Xenoblade Chronicles 3 – Future Redeemed: la recensione

Monolith Soft. torna a prenderci per mano per riportarci su Aionios, al fianco nientemeno che di...Rex e Shulk!

Anche le altre componenti del gioco hanno subito un processo di restyling e sistemazione atto a rendere l’esperienza di gioco più lineare, mantenendone l’enorme varietà e ricchezza. Diversi nuovi sistemi sono infatti introdotti in Future Redeemed, alcuni dei quali rappresentano variazioni di elementi familiari mutuati dai giochi precedenti, mentre altri sono nuovi di zecca. In particolare, convincono molto tutte le scelte fatte per giustificare e, anzi, incentivare l’esplorazione di questo vasto e popoloso mondo di gioco creato, come sempre con maestria, per l’occasione. Da un lato abbiamo infatti i nuovi Obiettivi di Affinità che, attraverso diverse azioni nelle aree di gioco, permettono di raccogliere punti capaci di accrescere il legame tra i tuoi personaggi e di migliorarne le statistiche attingendo da un pool condiviso di AP. Dall’altro lato troviamo poi le Scene di Affinità, attivabili in determinati punti del mondo, dove dar vita a sequenze animate in cui i personaggi parlano con Matthew del mondo e condividono i loro pensieri e sentimenti. La visualizzazione di questi momenti garantisce punti affinità, poi spendibili come abbiamo visto prima, ma riescono anche ad offrire un’interessante modo di approfondire le dinamiche di questo complesso universo. Inoltre, nel titolo torna la Comunità, simile al sistema visto anche in Torna: The Golden Country: l’interazione e l’esecuzione di missioni per gli NPC che incontri nel mondo li aggiungerà alla tua mappa e aumenterà i livelli della tua comunità che ti faranno guadagnare punti affinità.

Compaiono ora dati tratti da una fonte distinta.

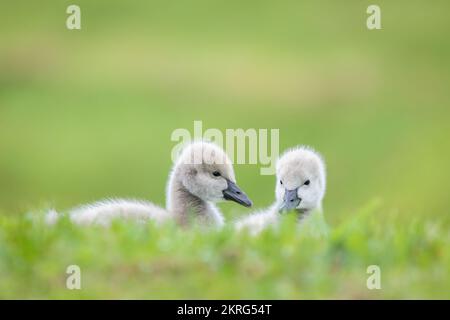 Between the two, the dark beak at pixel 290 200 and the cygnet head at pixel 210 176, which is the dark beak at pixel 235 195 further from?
the dark beak at pixel 290 200

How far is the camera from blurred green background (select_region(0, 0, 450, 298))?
23453mm

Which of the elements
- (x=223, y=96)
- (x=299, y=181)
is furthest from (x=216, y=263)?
(x=223, y=96)

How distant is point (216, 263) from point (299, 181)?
6.73 feet

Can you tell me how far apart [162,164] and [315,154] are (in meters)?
13.9

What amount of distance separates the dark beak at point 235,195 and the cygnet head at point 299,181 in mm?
251

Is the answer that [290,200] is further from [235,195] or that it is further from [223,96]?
[223,96]

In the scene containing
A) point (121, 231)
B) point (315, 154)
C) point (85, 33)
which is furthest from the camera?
point (85, 33)

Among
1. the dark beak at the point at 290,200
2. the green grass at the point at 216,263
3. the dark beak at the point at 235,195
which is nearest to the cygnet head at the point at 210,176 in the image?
the dark beak at the point at 235,195

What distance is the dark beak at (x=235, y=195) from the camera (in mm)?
8578

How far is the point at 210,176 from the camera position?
8.66 metres

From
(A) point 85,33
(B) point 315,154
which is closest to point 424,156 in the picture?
(A) point 85,33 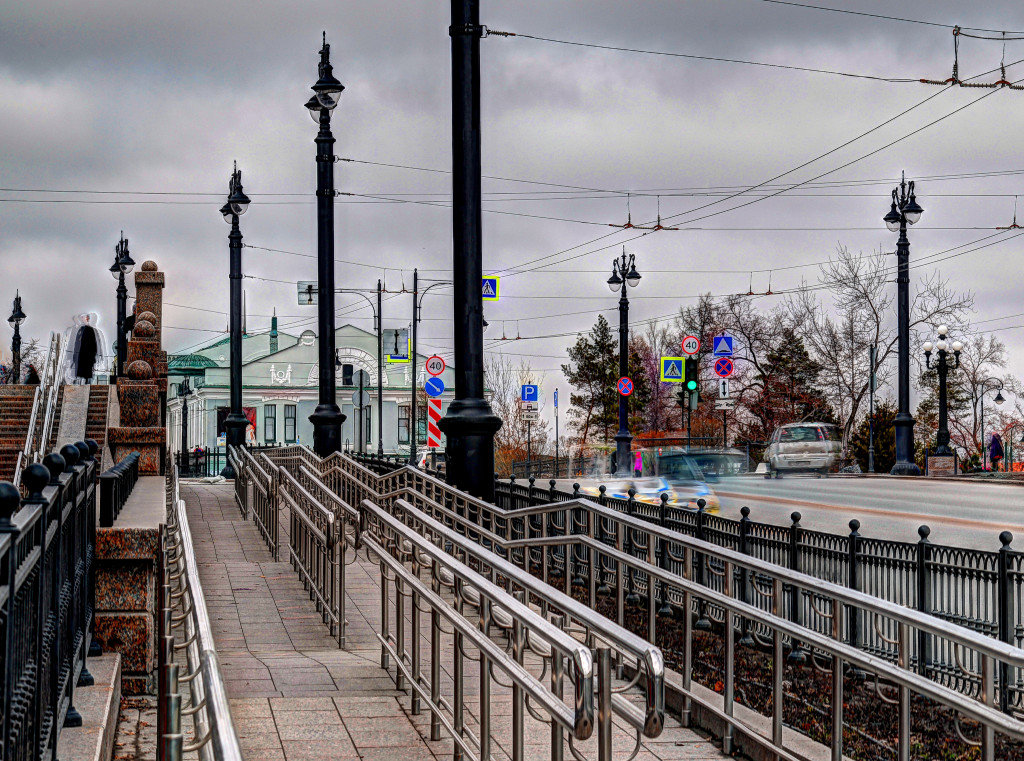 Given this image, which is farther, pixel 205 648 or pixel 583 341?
pixel 583 341

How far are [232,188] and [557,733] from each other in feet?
83.5

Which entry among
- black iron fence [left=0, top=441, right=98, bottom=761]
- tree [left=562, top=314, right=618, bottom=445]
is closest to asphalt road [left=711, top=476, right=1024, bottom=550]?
black iron fence [left=0, top=441, right=98, bottom=761]

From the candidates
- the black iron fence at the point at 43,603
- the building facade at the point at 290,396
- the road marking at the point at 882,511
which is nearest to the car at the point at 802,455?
the road marking at the point at 882,511

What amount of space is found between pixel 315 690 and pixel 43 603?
329 centimetres

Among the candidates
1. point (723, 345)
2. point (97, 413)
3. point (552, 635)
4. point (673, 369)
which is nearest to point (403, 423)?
point (673, 369)

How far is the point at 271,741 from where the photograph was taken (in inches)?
259

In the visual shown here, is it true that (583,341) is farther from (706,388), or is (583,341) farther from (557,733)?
(557,733)

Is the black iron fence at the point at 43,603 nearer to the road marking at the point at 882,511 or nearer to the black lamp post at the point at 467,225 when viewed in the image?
the black lamp post at the point at 467,225

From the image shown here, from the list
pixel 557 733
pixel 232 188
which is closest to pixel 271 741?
pixel 557 733

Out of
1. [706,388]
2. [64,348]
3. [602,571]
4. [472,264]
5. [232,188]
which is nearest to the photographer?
[472,264]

Il tutto senza appesantire troppo la progressione della storia principale, legandola a ripetitive missioni secondarie di questa natura, come avveniva invece nell’espansione di Xenoblade Chronicles 2. Interessante anche arricchire la Collectopedia (raccogliendo gli oggetti elencati per ottienere Punti Affinità!), la Enemipedia (ottenendo sempre punti, questa volta però eliminando mostri e nemici selezionati nel mondo e catalogando la loro posizione), visto quanto diano senso al girovagare e agli scontri occasionali. Insomma: ancora una volta Aionios si conferma un’esperienza unica, per il raffinato level design, per fauna e flora incantevoli e intriganti, ma anche per un senso di soddisfazione maggiore nel raggiungere luoghi nascosti, sconfiggere nemici o collezionare artefatti sparsi per le sue enormi regioni.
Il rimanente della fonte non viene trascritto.